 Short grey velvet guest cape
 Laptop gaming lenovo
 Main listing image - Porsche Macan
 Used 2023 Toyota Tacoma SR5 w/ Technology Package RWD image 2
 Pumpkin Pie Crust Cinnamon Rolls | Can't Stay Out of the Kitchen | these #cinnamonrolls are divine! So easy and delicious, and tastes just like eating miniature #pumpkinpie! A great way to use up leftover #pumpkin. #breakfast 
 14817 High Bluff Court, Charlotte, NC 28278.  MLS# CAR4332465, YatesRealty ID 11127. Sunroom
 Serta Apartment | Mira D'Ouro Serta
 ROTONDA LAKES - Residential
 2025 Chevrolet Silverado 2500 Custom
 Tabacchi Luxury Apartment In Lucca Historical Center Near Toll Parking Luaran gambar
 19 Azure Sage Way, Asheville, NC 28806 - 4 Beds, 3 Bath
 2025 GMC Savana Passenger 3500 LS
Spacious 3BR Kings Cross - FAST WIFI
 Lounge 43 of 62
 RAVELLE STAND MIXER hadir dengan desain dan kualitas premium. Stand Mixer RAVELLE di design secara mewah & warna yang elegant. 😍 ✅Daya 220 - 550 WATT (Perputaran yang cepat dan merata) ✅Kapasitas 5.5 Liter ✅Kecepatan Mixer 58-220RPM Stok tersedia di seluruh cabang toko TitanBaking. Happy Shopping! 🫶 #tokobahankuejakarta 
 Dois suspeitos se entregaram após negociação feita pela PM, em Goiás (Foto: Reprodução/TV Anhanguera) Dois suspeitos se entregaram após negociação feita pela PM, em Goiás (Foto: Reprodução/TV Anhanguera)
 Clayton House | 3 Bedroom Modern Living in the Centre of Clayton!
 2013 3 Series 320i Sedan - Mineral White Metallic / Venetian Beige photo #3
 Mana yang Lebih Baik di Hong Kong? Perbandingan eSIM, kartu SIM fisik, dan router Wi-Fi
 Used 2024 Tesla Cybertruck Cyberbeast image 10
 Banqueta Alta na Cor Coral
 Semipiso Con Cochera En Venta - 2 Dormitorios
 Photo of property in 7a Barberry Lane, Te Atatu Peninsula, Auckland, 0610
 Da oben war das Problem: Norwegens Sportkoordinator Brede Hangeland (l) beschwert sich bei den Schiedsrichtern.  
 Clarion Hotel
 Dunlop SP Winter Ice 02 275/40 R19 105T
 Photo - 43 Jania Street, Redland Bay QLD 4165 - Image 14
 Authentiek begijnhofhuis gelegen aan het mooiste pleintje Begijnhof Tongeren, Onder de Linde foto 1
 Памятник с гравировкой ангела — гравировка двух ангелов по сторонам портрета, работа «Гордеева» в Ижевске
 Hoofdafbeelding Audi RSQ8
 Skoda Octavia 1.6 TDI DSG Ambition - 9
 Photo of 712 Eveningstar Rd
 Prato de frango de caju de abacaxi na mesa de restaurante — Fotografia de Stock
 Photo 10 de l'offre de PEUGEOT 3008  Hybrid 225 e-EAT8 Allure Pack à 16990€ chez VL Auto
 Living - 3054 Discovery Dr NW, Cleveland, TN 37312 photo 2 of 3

» **TASK OBJECTIVE**
Look through the entries above, and wherever a line holds the word "Apartment", copy it.

» **SOLUTION TO THIS EXERCISE**
 Serta Apartment | Mira D'Ouro Serta
 Tabacchi Luxury Apartment In Lucca Historical Center Near Toll Parking Luaran gambar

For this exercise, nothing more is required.